▶ _What is being asked_:
Nothing should be left out when you copy the entries below.

▶ _Collected data_:
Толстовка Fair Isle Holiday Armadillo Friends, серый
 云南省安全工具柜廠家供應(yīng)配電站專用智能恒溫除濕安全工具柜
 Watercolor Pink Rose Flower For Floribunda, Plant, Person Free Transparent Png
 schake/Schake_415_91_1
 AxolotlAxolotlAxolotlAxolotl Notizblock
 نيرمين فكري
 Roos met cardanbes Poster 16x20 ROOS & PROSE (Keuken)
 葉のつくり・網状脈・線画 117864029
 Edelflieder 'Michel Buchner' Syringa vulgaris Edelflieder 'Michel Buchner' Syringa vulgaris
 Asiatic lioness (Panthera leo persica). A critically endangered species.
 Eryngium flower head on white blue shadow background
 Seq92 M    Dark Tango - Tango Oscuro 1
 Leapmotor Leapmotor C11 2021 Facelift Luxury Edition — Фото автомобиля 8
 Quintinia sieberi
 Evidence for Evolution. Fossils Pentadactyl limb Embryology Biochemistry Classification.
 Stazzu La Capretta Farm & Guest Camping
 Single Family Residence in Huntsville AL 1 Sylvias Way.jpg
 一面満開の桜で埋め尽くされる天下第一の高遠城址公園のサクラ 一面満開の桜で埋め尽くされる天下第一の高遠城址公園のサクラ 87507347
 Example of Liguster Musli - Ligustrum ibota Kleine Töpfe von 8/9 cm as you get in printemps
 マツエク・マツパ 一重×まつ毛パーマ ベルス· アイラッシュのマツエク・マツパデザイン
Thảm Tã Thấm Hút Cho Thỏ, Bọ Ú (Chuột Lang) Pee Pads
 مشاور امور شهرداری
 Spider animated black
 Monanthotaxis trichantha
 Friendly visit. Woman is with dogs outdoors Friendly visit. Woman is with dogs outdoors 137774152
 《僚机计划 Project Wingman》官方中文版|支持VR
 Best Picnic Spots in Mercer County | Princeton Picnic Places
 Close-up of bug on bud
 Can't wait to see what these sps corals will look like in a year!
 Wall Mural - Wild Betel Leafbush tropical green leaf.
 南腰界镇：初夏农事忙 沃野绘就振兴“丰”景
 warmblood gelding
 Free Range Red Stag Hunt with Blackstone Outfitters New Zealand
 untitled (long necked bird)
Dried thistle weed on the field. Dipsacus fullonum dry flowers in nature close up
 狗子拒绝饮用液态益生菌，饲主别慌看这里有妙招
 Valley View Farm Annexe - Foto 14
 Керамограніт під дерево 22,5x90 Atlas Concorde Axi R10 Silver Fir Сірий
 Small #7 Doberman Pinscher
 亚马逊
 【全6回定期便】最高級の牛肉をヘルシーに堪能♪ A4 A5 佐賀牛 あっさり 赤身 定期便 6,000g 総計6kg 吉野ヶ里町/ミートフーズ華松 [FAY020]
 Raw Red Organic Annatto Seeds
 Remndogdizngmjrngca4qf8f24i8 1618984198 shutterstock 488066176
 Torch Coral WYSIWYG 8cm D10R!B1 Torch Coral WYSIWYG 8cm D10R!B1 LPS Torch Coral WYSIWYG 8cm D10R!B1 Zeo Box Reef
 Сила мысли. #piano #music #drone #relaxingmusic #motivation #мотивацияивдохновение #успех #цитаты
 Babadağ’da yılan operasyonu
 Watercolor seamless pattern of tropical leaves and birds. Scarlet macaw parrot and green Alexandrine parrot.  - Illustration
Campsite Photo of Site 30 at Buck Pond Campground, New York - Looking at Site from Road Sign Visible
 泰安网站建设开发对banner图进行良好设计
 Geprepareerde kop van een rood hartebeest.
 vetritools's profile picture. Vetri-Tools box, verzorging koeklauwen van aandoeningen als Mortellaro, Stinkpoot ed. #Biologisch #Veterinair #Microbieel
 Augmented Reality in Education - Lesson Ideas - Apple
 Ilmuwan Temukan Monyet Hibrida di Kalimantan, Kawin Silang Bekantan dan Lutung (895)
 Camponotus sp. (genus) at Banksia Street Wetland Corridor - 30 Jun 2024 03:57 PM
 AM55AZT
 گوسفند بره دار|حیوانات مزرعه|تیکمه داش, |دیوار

▶ _Output for this task_:
Толстовка Fair Isle Holiday Armadillo Friends, серый
 云南省安全工具柜廠家供應(yīng)配電站專用智能恒溫除濕安全工具柜
 Watercolor Pink Rose Flower For Floribunda, Plant, Person Free Transparent Png
 schake/Schake_415_91_1
 AxolotlAxolotlAxolotlAxolotl Notizblock
 نيرمين فكري
 Roos met cardanbes Poster 16x20 ROOS & PROSE (Keuken)
 葉のつくり・網状脈・線画 117864029
 Edelflieder 'Michel Buchner' Syringa vulgaris Edelflieder 'Michel Buchner' Syringa vulgaris
 Asiatic lioness (Panthera leo persica). A critically endangered species.
 Eryngium flower head on white blue shadow background
 Seq92 M    Dark Tango - Tango Oscuro 1
 Leapmotor Leapmotor C11 2021 Facelift Luxury Edition — Фото автомобиля 8
 Quintinia sieberi
 Evidence for Evolution. Fossils Pentadactyl limb Embryology Biochemistry Classification.
 Stazzu La Capretta Farm & Guest Camping
 Single Family Residence in Huntsville AL 1 Sylvias Way.jpg
 一面満開の桜で埋め尽くされる天下第一の高遠城址公園のサクラ 一面満開の桜で埋め尽くされる天下第一の高遠城址公園のサクラ 87507347
 Example of Liguster Musli - Ligustrum ibota Kleine Töpfe von 8/9 cm as you get in printemps
 マツエク・マツパ 一重×まつ毛パーマ ベルス· アイラッシュのマツエク・マツパデザイン
Thảm Tã Thấm Hút Cho Thỏ, Bọ Ú (Chuột Lang) Pee Pads
 مشاور امور شهرداری
 Spider animated black
 Monanthotaxis trichantha
 Friendly visit. Woman is with dogs outdoors Friendly visit. Woman is with dogs outdoors 137774152
 《僚机计划 Project Wingman》官方中文版|支持VR
 Best Picnic Spots in Mercer County | Princeton Picnic Places
 Close-up of bug on bud
 Can't wait to see what these sps corals will look like in a year!
 Wall Mural - Wild Betel Leafbush tropical green leaf.
 南腰界镇：初夏农事忙 沃野绘就振兴“丰”景
 warmblood gelding
 Free Range Red Stag Hunt with Blackstone Outfitters New Zealand
 untitled (long necked bird)
Dried thistle weed on the field. Dipsacus fullonum dry flowers in nature close up
 狗子拒绝饮用液态益生菌，饲主别慌看这里有妙招
 Valley View Farm Annexe - Foto 14
 Керамограніт під дерево 22,5x90 Atlas Concorde Axi R10 Silver Fir Сірий
 Small #7 Doberman Pinscher
 亚马逊
 【全6回定期便】最高級の牛肉をヘルシーに堪能♪ A4 A5 佐賀牛 あっさり 赤身 定期便 6,000g 総計6kg 吉野ヶ里町/ミートフーズ華松 [FAY020]
 Raw Red Organic Annatto Seeds
 Remndogdizngmjrngca4qf8f24i8 1618984198 shutterstock 488066176
 Torch Coral WYSIWYG 8cm D10R!B1 Torch Coral WYSIWYG 8cm D10R!B1 LPS Torch Coral WYSIWYG 8cm D10R!B1 Zeo Box Reef
 Сила мысли. #piano #music #drone #relaxingmusic #motivation #мотивацияивдохновение #успех #цитаты
 Babadağ’da yılan operasyonu
 Watercolor seamless pattern of tropical leaves and birds. Scarlet macaw parrot and green Alexandrine parrot.  - Illustration
Campsite Photo of Site 30 at Buck Pond Campground, New York - Looking at Site from Road Sign Visible
 泰安网站建设开发对banner图进行良好设计
 Geprepareerde kop van een rood hartebeest.
 vetritools's profile picture. Vetri-Tools box, verzorging koeklauwen van aandoeningen als Mortellaro, Stinkpoot ed. #Biologisch #Veterinair #Microbieel
 Augmented Reality in Education - Lesson Ideas - Apple
 Ilmuwan Temukan Monyet Hibrida di Kalimantan, Kawin Silang Bekantan dan Lutung (895)
 Camponotus sp. (genus) at Banksia Street Wetland Corridor - 30 Jun 2024 03:57 PM
 AM55AZT
 گوسفند بره دار|حیوانات مزرعه|تیکمه داش, |دیوار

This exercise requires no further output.